The cathedral follows the Roman or Latin rite and functions as the seat of the Diocese of Talibon (Dioecesis Talibonensis) that was created on January 9, 1986, during the papacy of Pope John Paul II. It is under the pastoral responsibility of Bishop Daniel Patrick Y. Parcon since 2014.

==History==
On the night of May 1, 1521, in present-day Cebu, the remaining Spaniards after the Battle of Mactan four days earlier, fell into an attack organized by the locals. The lay missionaries aboard Trinidad left the ship as it is continuously attacked, and paddled to the Talibon-Jetafe area for safety. They married local people in the area and subsequently introduced them to Christianity. Talibon then was dedicated to the Most Holy Trinity (Santísima Trinidad), the namesake of their ship. In 1596, members of the Society of Jesus arrived in Bohol to put up parish missions in the island and noticed that lay missions were already active in the area, particularly in Talibon where Magellan's men took refuge in 1521.

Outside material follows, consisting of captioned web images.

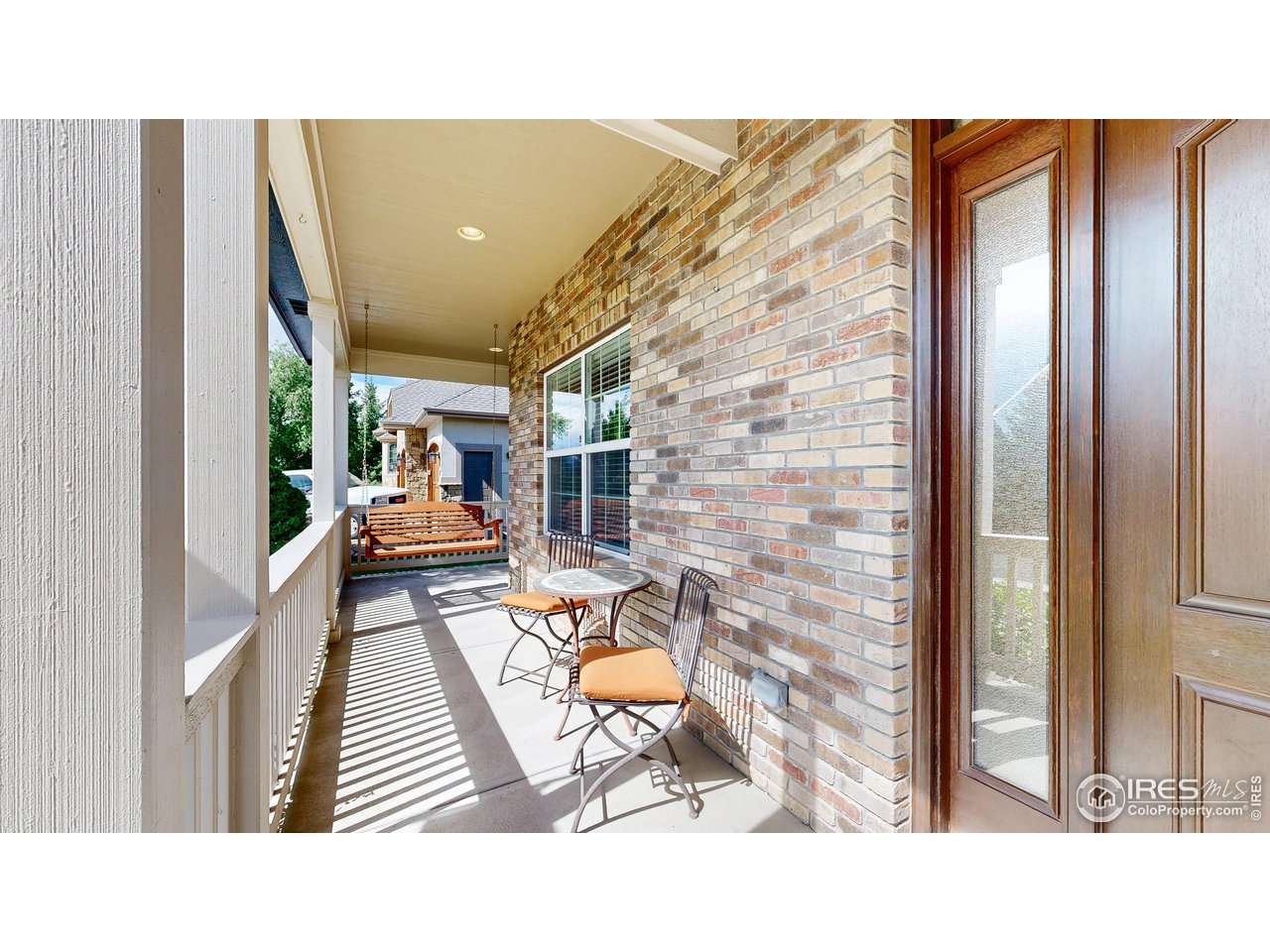 8398 Spinnaker Bay Drive Windsor, CO 80528 - Photo 3 of 40 a outdoor living space with furniture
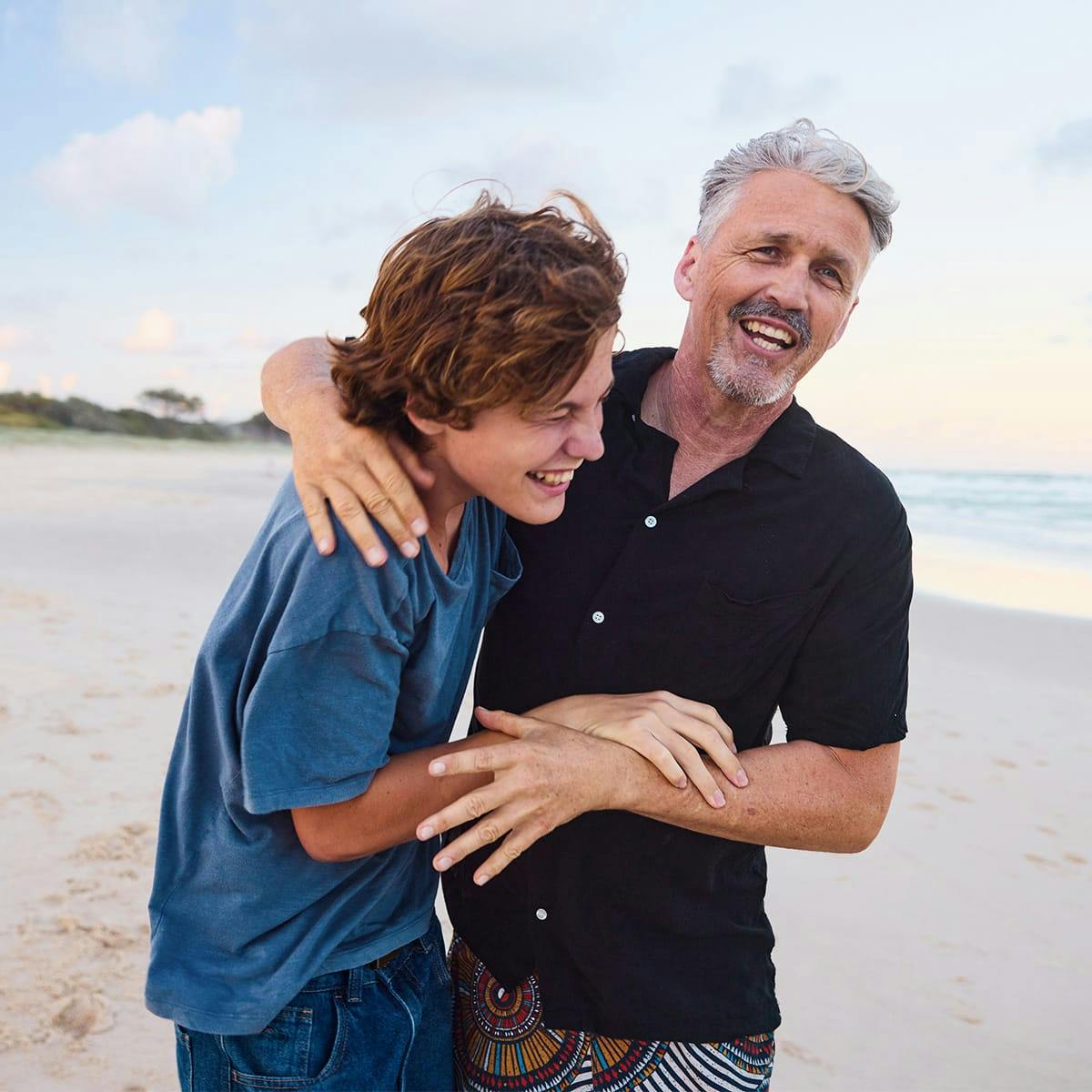 father and son smiling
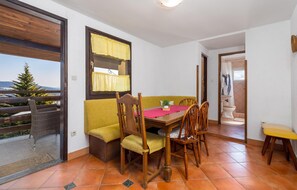 A dining area with a wooden table, yellow chairs, and a yellow sofa. - Stunning home in Vrbovsko (Vrbovsko)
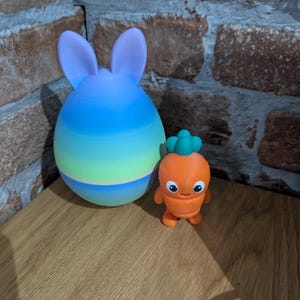 K&ouml;nnte beinhalten: Eine farbenfrohe, gradientenfarbene, eif&ouml;rmige Hasenfigur mit aufrechten Ohren, neben einer orangefarbenen Karottenfigur mit gr&uuml;nem Oberteil. Die Figuren stehen auf einer Holzoberfl&auml;che, mit einer Backsteinmauer im Hintergrund.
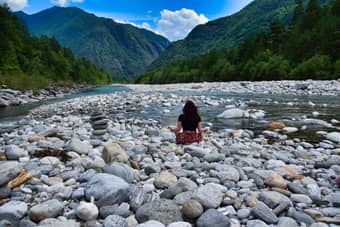 Woman meditating in Rishikesh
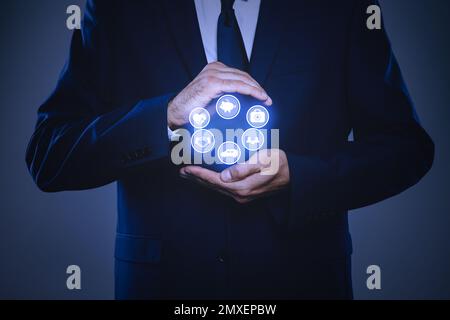 Geschäftsmann mit verschiedenen Symbolen auf dunklem Hintergrund, Nahaufnahme. Versicherungskonzept Stockfoto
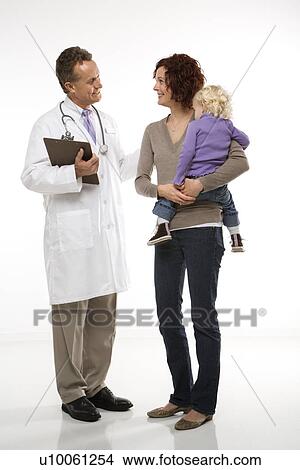 Middle-aged adult Caucasian male doctor introducing himself to mid-adult mother and her daughter. View Large Photo Image Picture - Middle-aged adult Caucasian male doctor introducing himself to mid-adult mother and her daughter.. Fotosearch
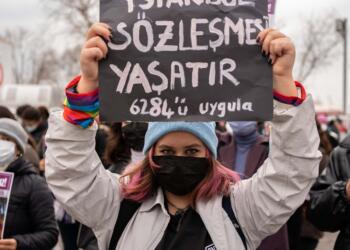 People attend a protest organized by feminist organizations and LGBTQI activists against Turkey’s withdrawal from the Istanbul Convention seen in Istanbul, Turkey on March 20, 2021. According to a presidential decree published on Saturday, Turkey withdrew from Istanbul Convention, a treaty on preventing violence against women and domestic violence which was signed in 2011. The sign translates as 'Istanbul Convention lets us live. Apply the 6284'.  (Photo by Erhan Demirtas/NurPhoto)
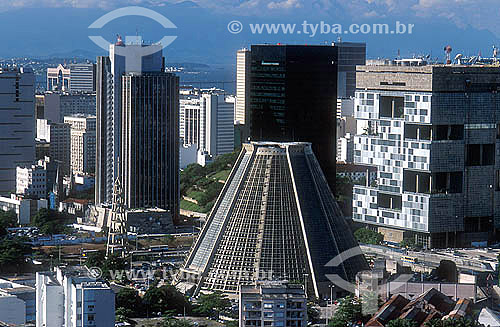  View of Rio de Janeiro city downtown, showing the conical São Sebastião do Rio de Janeiro`s Cathedral (or Metropolitan Cathedral), the Petrobras Building (in cubes behind the cathedral) and the BNDES building. Rio de Janeiro city - Rio de Janeiro st 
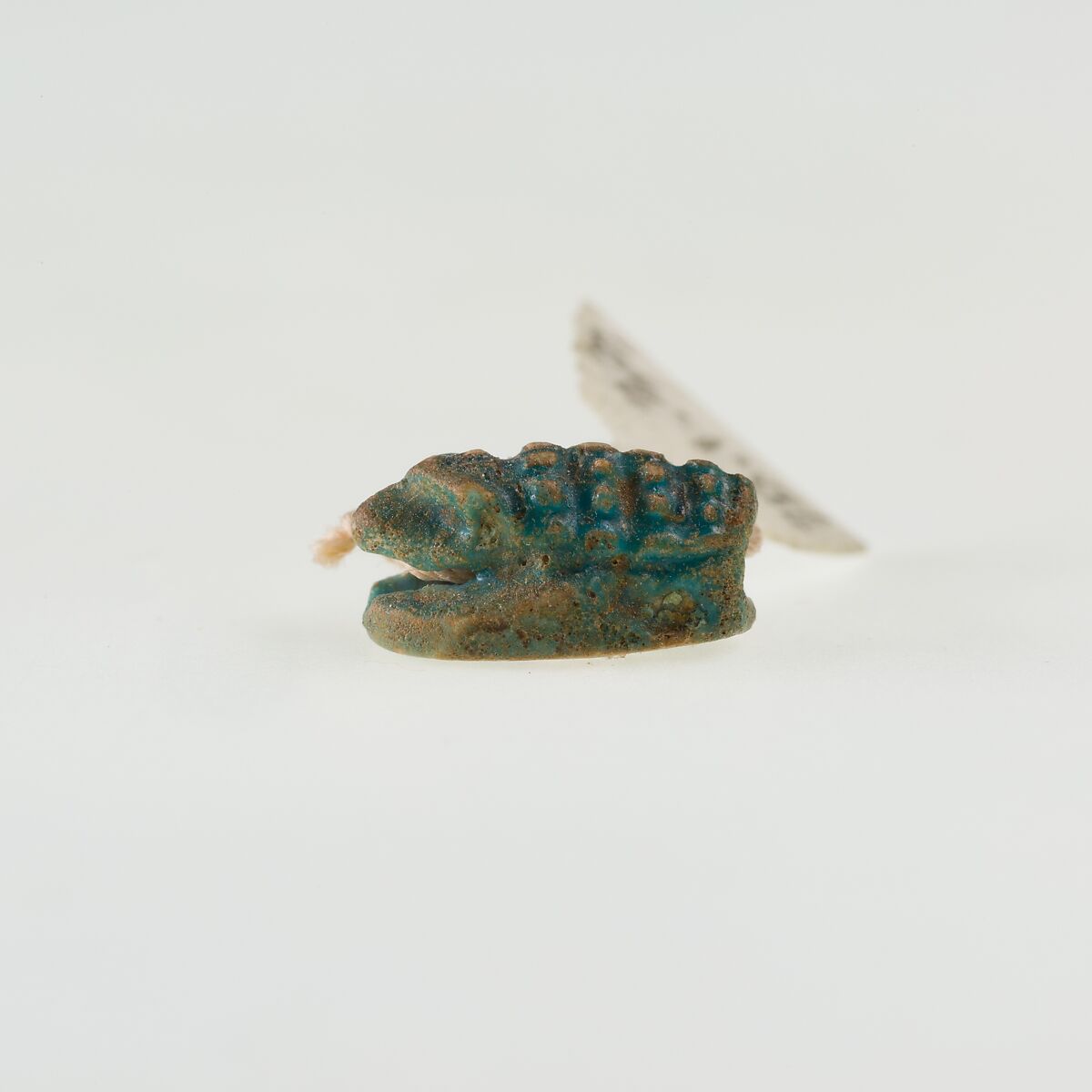 Scaraboid in form of hedgehog, Green glazed steatite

The Jesuit mission founded the parish of Talibon in 1722. Construction of the stone church was spearheaded by the Recollects in 1852 under the administration of Lorenzo Mayor. The cathedral's bell tower was added under the helm of José Sánchez, who served the area from 1868 to 1875, and the entire edifice was fully-finished in 1899. The church of Talibon became a cathedral when the diocese was founded in 1986 and is considered as the cradle of Christianity in the province.